I’d argue that people who stake 1INCH, but do not participate in governance, are still strengthening the 1inch Network imo. By staking 1INCH in our governance contract for the non-transferable st1INCH, those individuals are:

  • …taking on an additional level of smart contract risk – yes, the staking contract is heavily audited and has no history of vulnerabilities, but every additional layer of smart contracts does add an additional risk (even if the risk is just that it takes longer to tap into the value of their holdings if the need arises).
  • …choosing to lock up their 1INCH instead of pursuing yields on DeFi – like lending out the token on the secondary market or providing liquidity somewhere.
  • …longterm holders of 1INCH which shows a certain level of commitment to the project if nothing else.
  • … reducing the amount of 1INCH available on the open market commitment which should put an upward pressure on the value of the token.
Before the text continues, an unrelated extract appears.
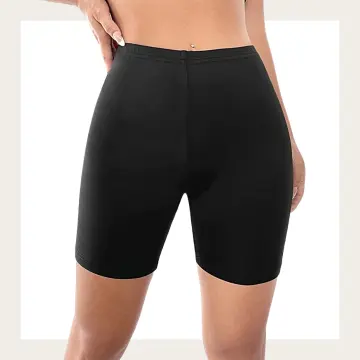 womens black legging shorts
I know that the DAO has a revenue stream that is independent of the 1INCH token price, but the 1inch Foundation pays out grants, network growth distributions, and community incentives out of their 1INCH allotment. Meaning, a higher token price ultimately gives the 1inch Network a bigger war-chest to fund these types of programs.

Voting requirements

What are your thoughts on people having to vote on percentages to be eligible for rewards?

Not entirely sure what you mean here by voting on percentages. Are you talking about the % split between the treasury/stakers/burn? If so, I’d personally prefer those numbers to be relatively rigid – it is easier to plan and budget if income streams aren’t being moved around every month. Or, maybe we could just put hard limits on it and allow people to vote within a range?
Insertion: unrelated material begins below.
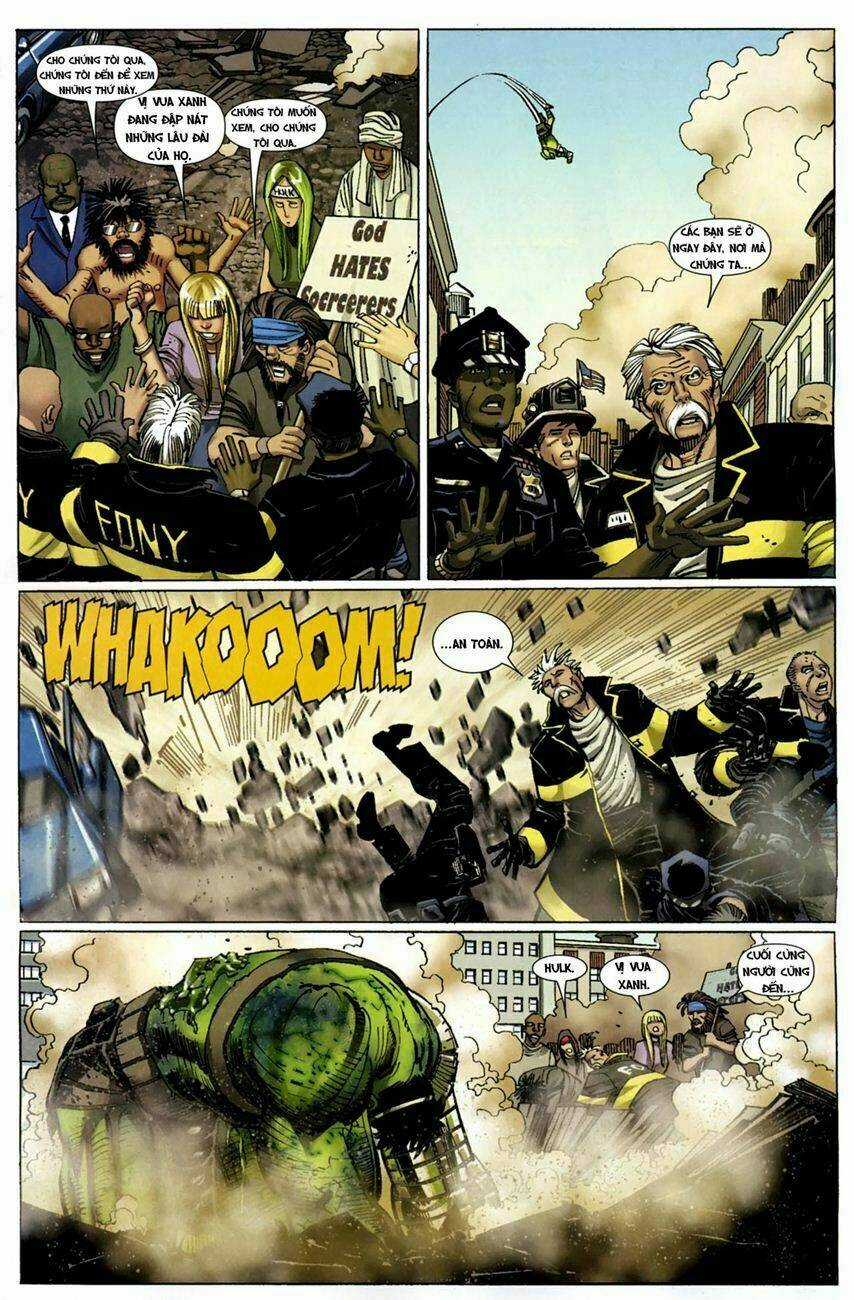 World War Hulk - Chapter 4 - Trang 11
Level of effort from voters

My other concern with the voting requirements is that it might be asking too much of people who are participating in many DAOs, or simply do not have the time to actively keep up with the DAO happenings and feel their vote will be uninformed. We support vote delegation, and there seems to be some interest in improving that mechanic in our governance system.

Maybe we could consider people as voters if they just delegate their vote to an active delegate? Delegating is an on-chain event, so it would be easy to trustlessley tell who has delegated.

Level of trustlessness

1inch DAO currently uses Snapshot’s off-chain voting as our method of voting. I know Snapshot works by signing messages on Ethereum, but these are gas-less actions that do not change the state of the Ethereum chain. My point being that I do not know where those signatures (i.e. voting records) are actually stored. We need to find out where that data is, and what level of permanence it has, if we are to integrate it directly into our governance rewards.

This data can be queried through Snapshot’s API, but I don’t know where the data is actually stored (AWS? Graph protocol? etc…?). We should flesh out the logistics of this component if we are to really delve into the impacts of this proposal.

Reward distribution

Does this proposal reward voters proportional to their 1INCH stake? Or will all voters be rewarded equally?

Hybrid idea

What about a hybrid solution where some rewards go to all stakers, an additional amount goes to delegators, and a separate amount goes to active contributors (people like you who are working and writing and brainstorming to make the DAO stronger)?

Just a last minute thought but whould like to hear what you think.

TL;DR – Very cool idea but we need to hammer out the details more before I can give my personal Yay or Nay!

Note: I feel I have to post a disclaimer whenever I give on the topic of token price, burn, rewards, etc… but, these are 100% my own personal views and are not to be conflated as the views of any other 1inch Contributor, or the 1inch Foundation.